Architecture for Autocrats

Amidst all the oohs and aahs over Beijing’s buildings, architects are debating the moral implications of redefining the capital’s skyline. First, there’s this article in Business Week from Dorian Davis:

Earlier this year, during an urban development forum at a university in Belfast, Ireland, the New York-based architect Daniel Libeskind ruffled feathers when he admonished fellow architects not to accept commissions from China and other so-called repressive regimes. “I think architects should take a more moral stance,” he proclaimed. The Polish-born architect’s speech incited backlash from colleagues and charges of hypocrisy—some pointed to his Hong Kong project, the now-under-construction Creative Media Centre—but his remarks incited a question that can leave some architects feeling squeamish: Is it ethical to accept commissions from authoritarian governments with poor human rights records?

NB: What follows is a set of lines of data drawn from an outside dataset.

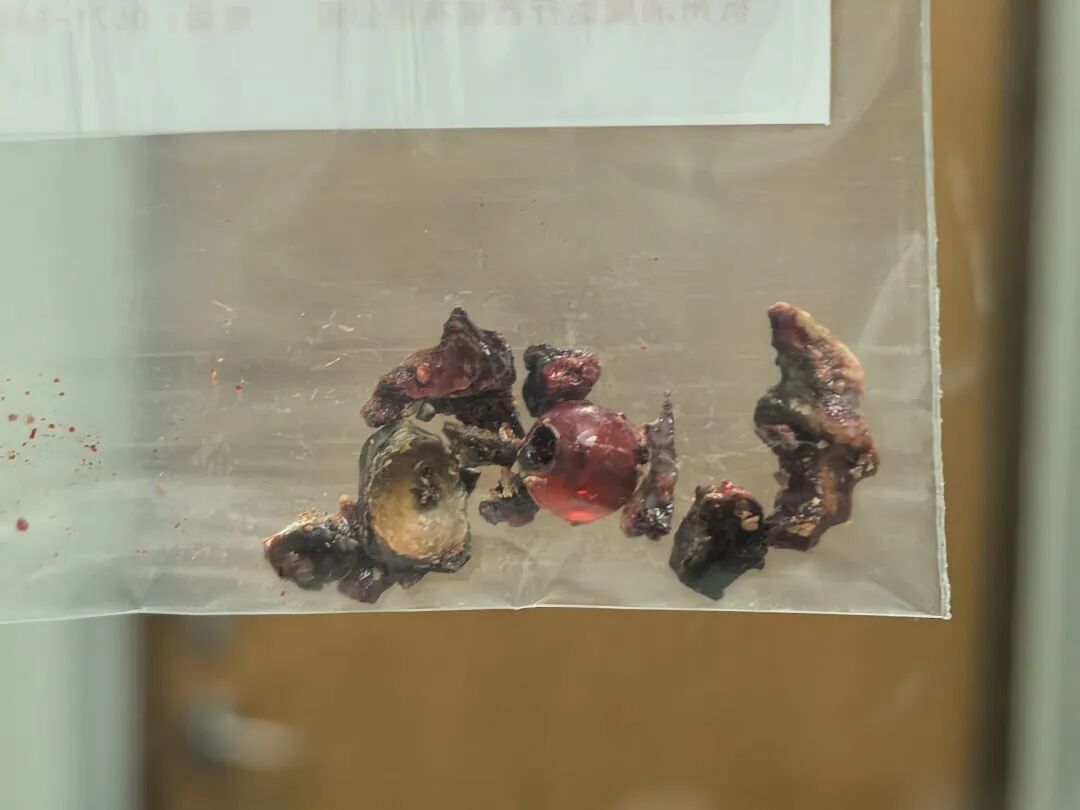 十几年“鼻窦炎”总不好? 医生一查:“元凶”竟是它! 十几年“鼻窦炎”总不好? 医生一查:“元凶”竟是它!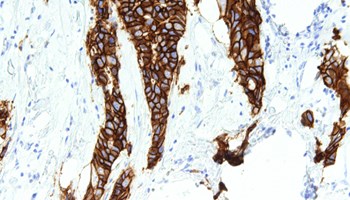 Identificación de una firma genética para optimizar la predicción de la respuesta al tratamiento en el cáncer de mama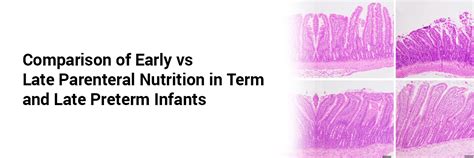Comparison of Early vs Late Parenteral Nutrition in Term and Late ...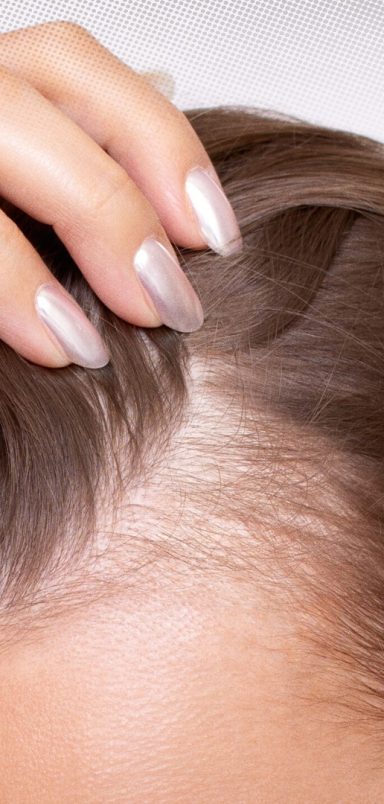 Can you slow down hair loss before it gets worse?
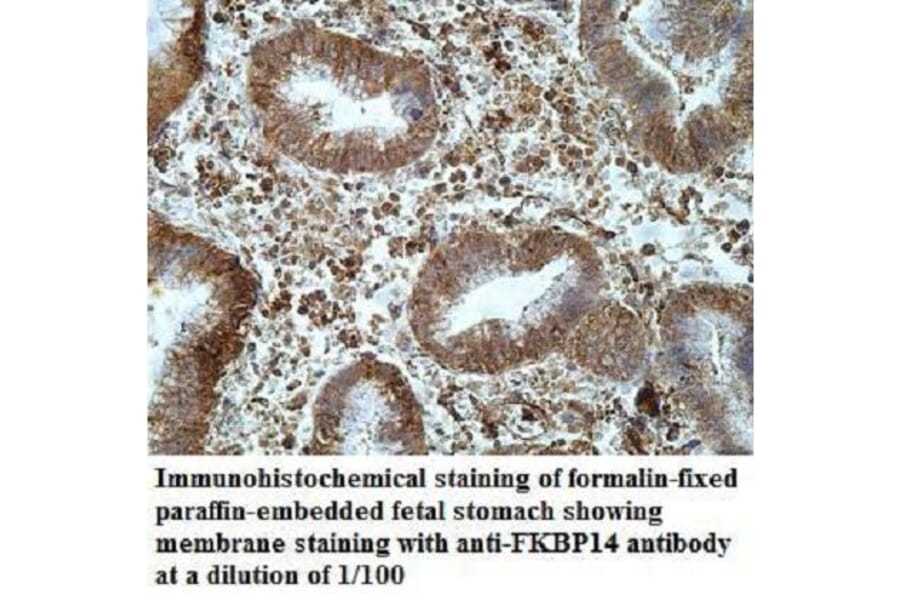 FKBP14 Antibody from Signalway Antibody (40038) - Antibodies.com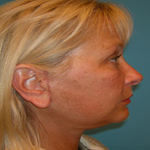Patient # 29680 After Photo # 4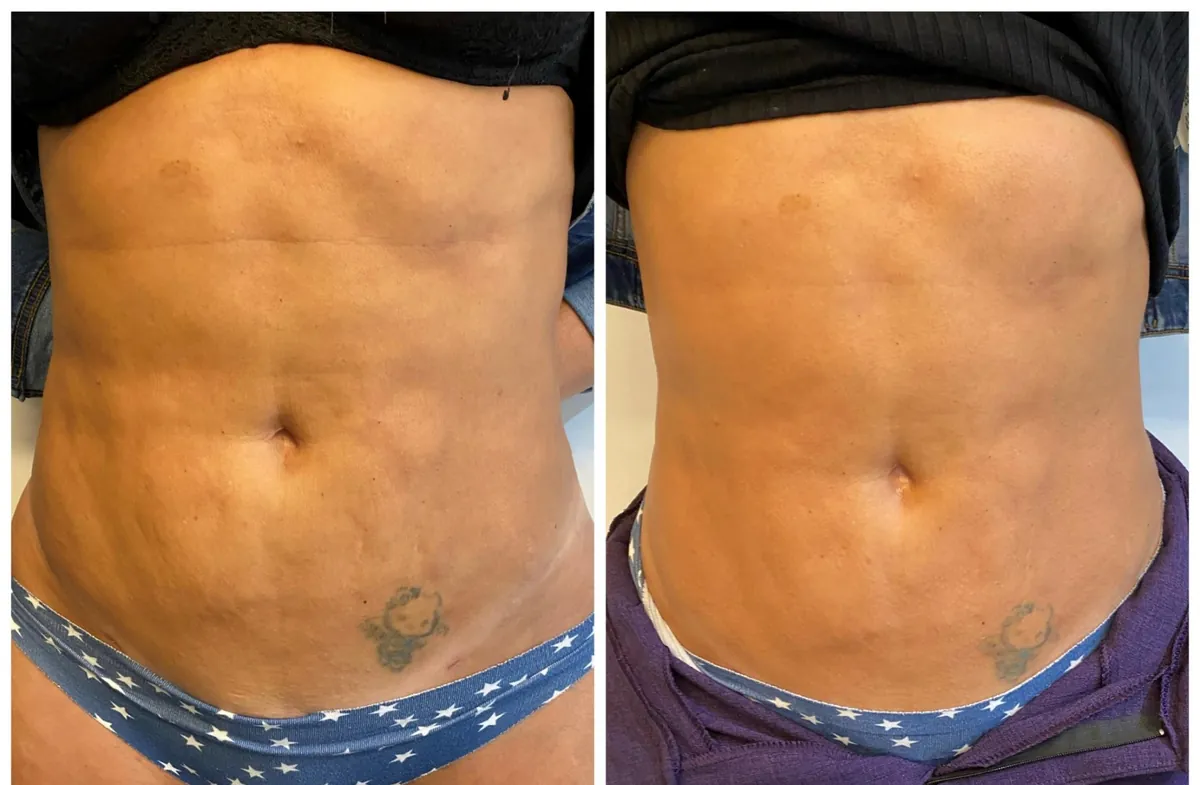 Abdomen con fibrosis post-liposucción: antes (izquierda) e inmediatamente después de 1 sesión (derecha)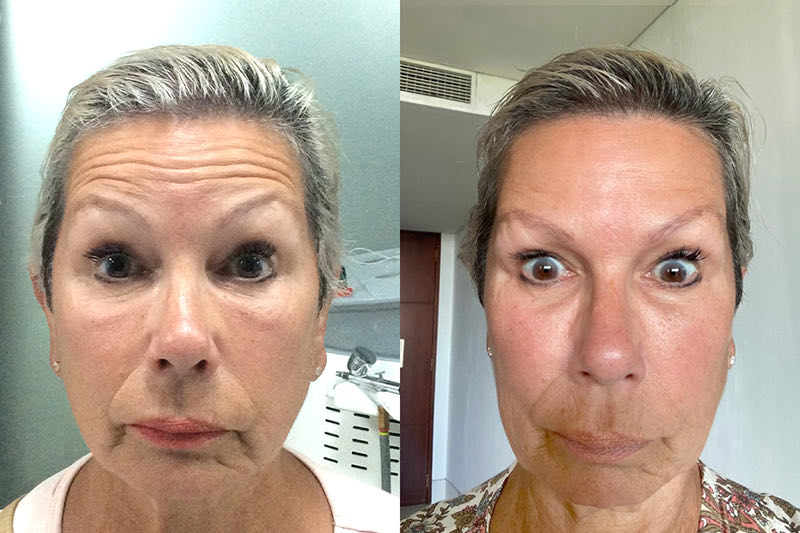 Expression lines before and after result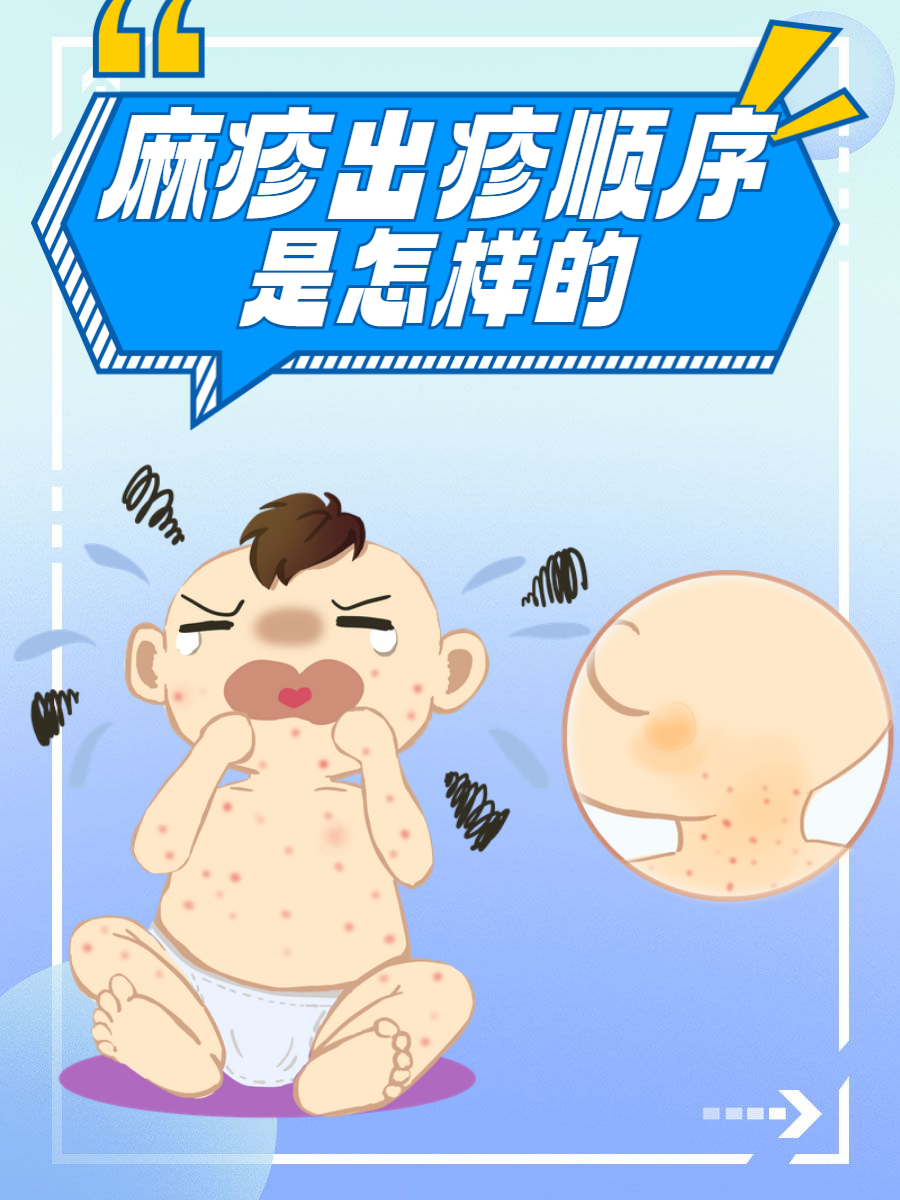 你了解吗  麻疹是一种由麻疹病毒引起的急性呼吸道传染病,对于儿童的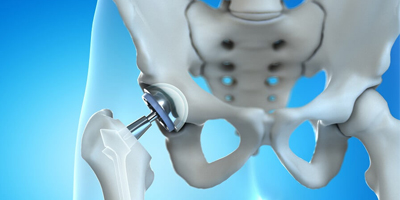 Hip Replacement treatment in Bhuj Kutch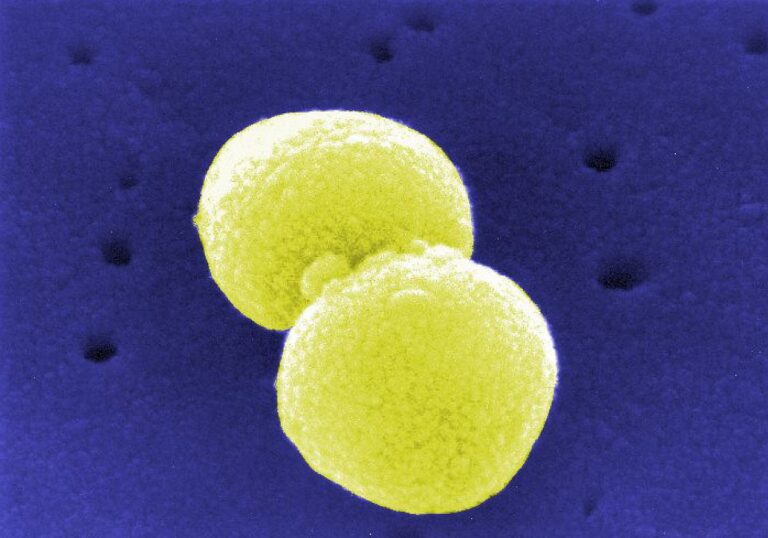 Streptococcus pneumoniae (Archiv), über dts Nachrichtenagentur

And previously, from Robin Pogrebin, in The New York Times:

One lightning rod in the debate is Rem Koolhaas’s mammoth headquarters for China’s state broadcast authority, CCTV, a minicity in itself in a capital where cranes dot the skylines and nearly every famous foreign architect has a project on the boards. Mr. Koolhaas suggested at the outset of the project, which he was assigned in 2002, that by the time his tower — a hulking hollowed-out trapezoid — was completed, China’s censorship of the airwaves might well have changed. (The building is almost finished.)